[Short text fragments from websites]
*** Begin section ***
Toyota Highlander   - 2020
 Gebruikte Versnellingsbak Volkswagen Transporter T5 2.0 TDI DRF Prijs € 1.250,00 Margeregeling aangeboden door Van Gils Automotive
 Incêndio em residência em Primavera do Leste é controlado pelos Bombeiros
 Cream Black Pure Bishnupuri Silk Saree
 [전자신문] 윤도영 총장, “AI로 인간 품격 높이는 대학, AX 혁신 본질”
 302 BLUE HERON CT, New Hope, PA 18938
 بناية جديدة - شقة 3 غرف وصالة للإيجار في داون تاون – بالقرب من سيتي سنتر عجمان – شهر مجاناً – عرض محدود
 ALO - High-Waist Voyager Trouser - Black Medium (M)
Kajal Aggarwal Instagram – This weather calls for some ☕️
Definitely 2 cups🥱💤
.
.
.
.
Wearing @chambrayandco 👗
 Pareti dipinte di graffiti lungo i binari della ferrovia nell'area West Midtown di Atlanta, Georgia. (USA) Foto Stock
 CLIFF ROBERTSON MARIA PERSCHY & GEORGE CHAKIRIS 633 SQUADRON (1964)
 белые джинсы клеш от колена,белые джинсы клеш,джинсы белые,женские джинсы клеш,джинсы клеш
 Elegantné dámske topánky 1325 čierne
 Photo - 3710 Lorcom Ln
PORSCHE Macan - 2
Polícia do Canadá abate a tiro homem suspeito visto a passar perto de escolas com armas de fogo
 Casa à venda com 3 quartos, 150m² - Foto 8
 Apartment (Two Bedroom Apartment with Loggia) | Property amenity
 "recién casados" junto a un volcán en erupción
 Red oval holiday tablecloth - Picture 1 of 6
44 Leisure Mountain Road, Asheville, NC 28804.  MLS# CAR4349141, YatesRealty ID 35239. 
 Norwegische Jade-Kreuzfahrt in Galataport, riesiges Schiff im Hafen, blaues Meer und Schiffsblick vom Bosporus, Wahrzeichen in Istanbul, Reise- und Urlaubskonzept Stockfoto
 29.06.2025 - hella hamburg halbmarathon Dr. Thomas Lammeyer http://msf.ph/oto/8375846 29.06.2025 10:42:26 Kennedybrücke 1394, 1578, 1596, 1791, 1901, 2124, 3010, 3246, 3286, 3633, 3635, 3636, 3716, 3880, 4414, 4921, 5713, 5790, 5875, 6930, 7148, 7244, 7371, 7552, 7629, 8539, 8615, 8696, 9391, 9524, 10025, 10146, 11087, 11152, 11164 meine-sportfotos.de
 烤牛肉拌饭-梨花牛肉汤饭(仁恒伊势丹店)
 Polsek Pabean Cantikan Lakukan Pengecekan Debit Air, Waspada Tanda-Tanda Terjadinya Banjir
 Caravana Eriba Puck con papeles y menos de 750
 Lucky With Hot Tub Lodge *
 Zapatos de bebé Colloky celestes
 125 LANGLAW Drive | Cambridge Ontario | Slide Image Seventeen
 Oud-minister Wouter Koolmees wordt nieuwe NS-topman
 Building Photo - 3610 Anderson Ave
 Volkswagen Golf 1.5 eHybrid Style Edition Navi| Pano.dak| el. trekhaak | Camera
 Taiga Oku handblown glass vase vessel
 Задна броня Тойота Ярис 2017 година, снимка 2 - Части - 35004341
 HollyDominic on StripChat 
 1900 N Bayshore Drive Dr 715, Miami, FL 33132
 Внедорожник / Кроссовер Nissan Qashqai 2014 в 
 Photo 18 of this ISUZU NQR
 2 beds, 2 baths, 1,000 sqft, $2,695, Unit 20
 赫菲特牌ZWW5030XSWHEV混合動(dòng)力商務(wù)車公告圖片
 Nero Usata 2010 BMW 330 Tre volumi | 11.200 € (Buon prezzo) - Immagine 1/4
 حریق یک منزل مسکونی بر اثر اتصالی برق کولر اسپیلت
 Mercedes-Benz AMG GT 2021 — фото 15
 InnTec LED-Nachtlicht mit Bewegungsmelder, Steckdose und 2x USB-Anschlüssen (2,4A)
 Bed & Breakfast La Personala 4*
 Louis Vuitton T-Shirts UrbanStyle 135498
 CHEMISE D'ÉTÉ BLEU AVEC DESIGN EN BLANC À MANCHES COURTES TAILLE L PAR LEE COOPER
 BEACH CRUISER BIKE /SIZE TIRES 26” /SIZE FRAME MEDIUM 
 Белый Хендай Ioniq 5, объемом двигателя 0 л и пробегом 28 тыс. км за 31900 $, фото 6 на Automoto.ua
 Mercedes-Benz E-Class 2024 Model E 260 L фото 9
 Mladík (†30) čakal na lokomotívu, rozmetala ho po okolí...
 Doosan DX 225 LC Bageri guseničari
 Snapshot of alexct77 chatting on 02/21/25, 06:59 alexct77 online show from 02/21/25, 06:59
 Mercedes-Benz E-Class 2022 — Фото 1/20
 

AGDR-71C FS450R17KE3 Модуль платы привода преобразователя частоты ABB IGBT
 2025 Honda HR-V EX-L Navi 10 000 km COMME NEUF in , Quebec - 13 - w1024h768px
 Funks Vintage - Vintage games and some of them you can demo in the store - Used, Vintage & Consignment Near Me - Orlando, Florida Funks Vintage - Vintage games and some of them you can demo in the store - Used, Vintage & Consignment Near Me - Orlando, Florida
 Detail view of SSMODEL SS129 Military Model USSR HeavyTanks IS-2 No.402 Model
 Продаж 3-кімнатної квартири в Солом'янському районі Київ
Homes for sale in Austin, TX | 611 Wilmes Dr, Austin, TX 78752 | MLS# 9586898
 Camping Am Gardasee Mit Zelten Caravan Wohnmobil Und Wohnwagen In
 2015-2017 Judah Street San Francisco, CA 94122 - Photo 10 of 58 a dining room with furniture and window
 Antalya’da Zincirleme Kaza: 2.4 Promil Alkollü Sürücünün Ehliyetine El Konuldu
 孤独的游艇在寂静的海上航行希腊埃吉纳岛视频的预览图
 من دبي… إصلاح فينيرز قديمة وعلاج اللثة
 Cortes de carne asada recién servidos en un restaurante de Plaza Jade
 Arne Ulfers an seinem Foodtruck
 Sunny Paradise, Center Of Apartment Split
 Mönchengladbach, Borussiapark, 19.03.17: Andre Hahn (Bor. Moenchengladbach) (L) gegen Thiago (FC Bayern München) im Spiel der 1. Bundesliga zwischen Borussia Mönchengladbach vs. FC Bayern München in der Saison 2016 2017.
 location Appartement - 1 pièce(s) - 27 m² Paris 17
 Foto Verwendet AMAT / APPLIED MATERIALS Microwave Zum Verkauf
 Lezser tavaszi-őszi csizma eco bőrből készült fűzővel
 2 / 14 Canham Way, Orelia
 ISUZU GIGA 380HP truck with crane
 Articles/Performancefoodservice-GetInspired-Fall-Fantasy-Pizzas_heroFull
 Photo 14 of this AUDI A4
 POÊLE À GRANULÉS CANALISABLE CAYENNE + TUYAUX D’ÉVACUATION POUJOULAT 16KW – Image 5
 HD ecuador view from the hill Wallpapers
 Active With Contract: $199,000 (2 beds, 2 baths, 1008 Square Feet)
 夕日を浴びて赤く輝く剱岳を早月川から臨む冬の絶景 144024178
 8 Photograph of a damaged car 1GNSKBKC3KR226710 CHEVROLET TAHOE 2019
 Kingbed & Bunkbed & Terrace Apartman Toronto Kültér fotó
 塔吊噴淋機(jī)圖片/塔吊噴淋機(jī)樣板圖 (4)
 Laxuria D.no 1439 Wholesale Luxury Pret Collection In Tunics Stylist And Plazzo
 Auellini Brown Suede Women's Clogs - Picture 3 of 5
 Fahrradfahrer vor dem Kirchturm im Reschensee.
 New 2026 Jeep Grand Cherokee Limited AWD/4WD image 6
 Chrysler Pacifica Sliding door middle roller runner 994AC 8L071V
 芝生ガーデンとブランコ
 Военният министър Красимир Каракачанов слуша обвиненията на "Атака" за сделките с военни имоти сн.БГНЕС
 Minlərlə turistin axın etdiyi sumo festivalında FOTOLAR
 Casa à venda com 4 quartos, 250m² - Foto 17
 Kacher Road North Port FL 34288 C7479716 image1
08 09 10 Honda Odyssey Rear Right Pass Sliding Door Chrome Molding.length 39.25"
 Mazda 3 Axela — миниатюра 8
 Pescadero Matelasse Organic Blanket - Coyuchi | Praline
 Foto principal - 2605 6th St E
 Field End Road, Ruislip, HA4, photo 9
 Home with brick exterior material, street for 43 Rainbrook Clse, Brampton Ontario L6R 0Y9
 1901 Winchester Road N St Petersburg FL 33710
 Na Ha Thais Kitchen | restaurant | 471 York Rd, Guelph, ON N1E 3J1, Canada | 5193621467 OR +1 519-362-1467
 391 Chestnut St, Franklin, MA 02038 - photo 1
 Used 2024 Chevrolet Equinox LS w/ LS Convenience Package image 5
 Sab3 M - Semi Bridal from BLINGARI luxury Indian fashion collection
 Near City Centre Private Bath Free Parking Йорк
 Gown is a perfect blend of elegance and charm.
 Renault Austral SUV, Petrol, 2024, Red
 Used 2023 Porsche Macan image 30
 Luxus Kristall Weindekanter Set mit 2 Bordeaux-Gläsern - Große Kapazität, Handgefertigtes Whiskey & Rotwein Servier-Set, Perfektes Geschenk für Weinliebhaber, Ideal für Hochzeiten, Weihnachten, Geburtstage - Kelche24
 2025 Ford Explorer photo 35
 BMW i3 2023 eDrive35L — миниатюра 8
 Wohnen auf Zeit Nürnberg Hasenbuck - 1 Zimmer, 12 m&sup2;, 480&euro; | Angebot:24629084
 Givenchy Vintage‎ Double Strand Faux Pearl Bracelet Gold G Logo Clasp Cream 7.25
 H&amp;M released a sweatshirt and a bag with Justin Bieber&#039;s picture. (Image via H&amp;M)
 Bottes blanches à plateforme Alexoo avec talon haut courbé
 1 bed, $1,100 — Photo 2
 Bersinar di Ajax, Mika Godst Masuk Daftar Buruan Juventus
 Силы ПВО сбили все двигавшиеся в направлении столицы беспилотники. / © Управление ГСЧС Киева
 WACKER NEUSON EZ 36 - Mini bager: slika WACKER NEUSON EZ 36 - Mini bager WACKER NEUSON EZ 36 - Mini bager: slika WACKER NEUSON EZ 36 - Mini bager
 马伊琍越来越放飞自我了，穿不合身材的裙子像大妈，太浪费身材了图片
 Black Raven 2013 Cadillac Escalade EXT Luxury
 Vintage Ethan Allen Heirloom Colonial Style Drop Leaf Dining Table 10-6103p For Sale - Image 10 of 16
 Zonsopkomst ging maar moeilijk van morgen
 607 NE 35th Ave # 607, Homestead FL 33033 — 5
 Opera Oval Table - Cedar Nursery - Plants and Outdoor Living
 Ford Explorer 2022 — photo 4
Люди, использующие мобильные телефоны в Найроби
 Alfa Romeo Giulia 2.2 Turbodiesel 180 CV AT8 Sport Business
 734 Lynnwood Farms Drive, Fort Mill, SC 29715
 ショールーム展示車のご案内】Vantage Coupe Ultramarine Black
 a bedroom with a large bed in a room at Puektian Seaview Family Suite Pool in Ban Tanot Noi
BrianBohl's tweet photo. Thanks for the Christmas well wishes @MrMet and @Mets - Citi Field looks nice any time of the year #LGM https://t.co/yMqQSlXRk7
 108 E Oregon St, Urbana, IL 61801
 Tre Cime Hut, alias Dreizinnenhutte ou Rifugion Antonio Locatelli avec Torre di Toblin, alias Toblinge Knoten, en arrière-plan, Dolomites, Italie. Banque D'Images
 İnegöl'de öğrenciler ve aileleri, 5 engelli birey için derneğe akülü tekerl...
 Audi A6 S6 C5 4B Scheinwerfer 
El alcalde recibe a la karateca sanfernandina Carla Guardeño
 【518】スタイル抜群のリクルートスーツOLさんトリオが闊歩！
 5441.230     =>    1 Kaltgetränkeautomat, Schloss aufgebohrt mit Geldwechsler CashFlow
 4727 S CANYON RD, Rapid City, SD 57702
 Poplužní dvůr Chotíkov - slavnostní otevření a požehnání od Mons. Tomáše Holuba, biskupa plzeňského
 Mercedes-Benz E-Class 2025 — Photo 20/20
*** End section ***
*Work request*
Above are the entries. Output exactly the lines beginning with the line that has "HollyDominic on StripChat" and ending with the line that has "2015-2017 Judah Street".

*Response box*
 HollyDominic on StripChat 
 1900 N Bayshore Drive Dr 715, Miami, FL 33132
 Внедорожник / Кроссовер Nissan Qashqai 2014 в 
 Photo 18 of this ISUZU NQR
 2 beds, 2 baths, 1,000 sqft, $2,695, Unit 20
 赫菲特牌ZWW5030XSWHEV混合動(dòng)力商務(wù)車公告圖片
 Nero Usata 2010 BMW 330 Tre volumi | 11.200 € (Buon prezzo) - Immagine 1/4
 حریق یک منزل مسکونی بر اثر اتصالی برق کولر اسپیلت
 Mercedes-Benz AMG GT 2021 — фото 15
 InnTec LED-Nachtlicht mit Bewegungsmelder, Steckdose und 2x USB-Anschlüssen (2,4A)
 Bed & Breakfast La Personala 4*
 Louis Vuitton T-Shirts UrbanStyle 135498
 CHEMISE D'ÉTÉ BLEU AVEC DESIGN EN BLANC À MANCHES COURTES TAILLE L PAR LEE COOPER
 BEACH CRUISER BIKE /SIZE TIRES 26” /SIZE FRAME MEDIUM 
 Белый Хендай Ioniq 5, объемом двигателя 0 л и пробегом 28 тыс. км за 31900 $, фото 6 на Automoto.ua
 Mercedes-Benz E-Class 2024 Model E 260 L фото 9
 Mladík (†30) čakal na lokomotívu, rozmetala ho po okolí...
 Doosan DX 225 LC Bageri guseničari
 Snapshot of alexct77 chatting on 02/21/25, 06:59 alexct77 online show from 02/21/25, 06:59
 Mercedes-Benz E-Class 2022 — Фото 1/20
 

AGDR-71C FS450R17KE3 Модуль платы привода преобразователя частоты ABB IGBT
 2025 Honda HR-V EX-L Navi 10 000 km COMME NEUF in , Quebec - 13 - w1024h768px
 Funks Vintage - Vintage games and some of them you can demo in the store - Used, Vintage & Consignment Near Me - Orlando, Florida Funks Vintage - Vintage games and some of them you can demo in the store - Used, Vintage & Consignment Near Me - Orlando, Florida
 Detail view of SSMODEL SS129 Military Model USSR HeavyTanks IS-2 No.402 Model
 Продаж 3-кімнатної квартири в Солом'янському районі Київ
Homes for sale in Austin, TX | 611 Wilmes Dr, Austin, TX 78752 | MLS# 9586898
 Camping Am Gardasee Mit Zelten Caravan Wohnmobil Und Wohnwagen In
 2015-2017 Judah Street San Francisco, CA 94122 - Photo 10 of 58 a dining room with furniture and window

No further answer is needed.